***** INFORMATION GIVEN

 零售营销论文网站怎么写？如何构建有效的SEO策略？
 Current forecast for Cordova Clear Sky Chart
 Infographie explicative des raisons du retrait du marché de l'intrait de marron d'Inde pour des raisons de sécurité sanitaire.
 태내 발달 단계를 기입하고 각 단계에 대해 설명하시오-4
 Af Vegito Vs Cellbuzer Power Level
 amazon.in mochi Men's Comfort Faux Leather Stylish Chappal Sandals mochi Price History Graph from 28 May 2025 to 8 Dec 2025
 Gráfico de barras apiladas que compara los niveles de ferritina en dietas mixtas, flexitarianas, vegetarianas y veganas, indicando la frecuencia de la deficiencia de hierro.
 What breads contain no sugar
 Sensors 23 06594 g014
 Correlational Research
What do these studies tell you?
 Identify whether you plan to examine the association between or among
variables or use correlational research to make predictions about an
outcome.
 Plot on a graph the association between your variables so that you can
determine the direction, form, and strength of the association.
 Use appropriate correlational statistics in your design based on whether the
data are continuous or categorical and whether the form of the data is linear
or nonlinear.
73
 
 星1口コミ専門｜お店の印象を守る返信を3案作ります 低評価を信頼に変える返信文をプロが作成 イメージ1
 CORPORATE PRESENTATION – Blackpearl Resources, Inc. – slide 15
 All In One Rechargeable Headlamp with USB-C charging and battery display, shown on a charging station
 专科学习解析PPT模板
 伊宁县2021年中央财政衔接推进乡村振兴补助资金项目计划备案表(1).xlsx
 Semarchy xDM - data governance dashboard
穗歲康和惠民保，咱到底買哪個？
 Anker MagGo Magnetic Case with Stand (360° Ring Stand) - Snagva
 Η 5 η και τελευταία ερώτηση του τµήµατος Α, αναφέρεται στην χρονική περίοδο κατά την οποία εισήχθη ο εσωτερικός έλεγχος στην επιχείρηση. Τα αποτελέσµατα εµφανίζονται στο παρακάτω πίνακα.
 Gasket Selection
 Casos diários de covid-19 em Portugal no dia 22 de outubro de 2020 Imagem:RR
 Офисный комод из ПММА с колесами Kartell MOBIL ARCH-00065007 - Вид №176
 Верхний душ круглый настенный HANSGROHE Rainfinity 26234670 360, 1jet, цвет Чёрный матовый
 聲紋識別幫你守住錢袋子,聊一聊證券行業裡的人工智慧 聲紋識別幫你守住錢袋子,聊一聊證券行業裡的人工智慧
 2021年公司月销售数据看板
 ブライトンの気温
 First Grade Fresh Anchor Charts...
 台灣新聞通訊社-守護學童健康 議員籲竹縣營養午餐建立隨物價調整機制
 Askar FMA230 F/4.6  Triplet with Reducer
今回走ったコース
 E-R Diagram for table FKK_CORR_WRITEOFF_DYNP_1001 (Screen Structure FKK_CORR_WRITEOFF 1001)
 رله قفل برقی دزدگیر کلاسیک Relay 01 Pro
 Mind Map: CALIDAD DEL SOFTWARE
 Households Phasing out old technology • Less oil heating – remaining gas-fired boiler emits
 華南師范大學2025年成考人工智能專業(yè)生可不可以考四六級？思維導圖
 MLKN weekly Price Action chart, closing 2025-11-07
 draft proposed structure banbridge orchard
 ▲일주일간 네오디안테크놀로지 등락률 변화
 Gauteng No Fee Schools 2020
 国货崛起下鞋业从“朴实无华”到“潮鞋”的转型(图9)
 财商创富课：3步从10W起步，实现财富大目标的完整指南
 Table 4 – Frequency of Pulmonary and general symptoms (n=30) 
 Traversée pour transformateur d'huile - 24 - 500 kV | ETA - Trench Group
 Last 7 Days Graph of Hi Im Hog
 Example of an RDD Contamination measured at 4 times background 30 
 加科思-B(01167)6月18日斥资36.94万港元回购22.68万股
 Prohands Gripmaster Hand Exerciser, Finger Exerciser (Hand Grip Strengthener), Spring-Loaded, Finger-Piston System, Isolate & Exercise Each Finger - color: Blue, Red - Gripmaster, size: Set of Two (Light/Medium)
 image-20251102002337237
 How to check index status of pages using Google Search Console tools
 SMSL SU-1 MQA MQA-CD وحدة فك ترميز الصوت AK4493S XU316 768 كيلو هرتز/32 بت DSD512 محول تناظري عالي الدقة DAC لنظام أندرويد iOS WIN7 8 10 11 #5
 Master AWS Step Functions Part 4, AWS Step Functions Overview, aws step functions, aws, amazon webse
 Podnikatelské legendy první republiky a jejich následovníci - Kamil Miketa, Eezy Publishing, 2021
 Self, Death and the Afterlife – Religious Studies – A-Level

**********

TASK OBJECTIVE >> Within the data, count the lines that hold the word "amazon". Answer with the figure and nothing more.

ANSWER FOR THE TASK >> 2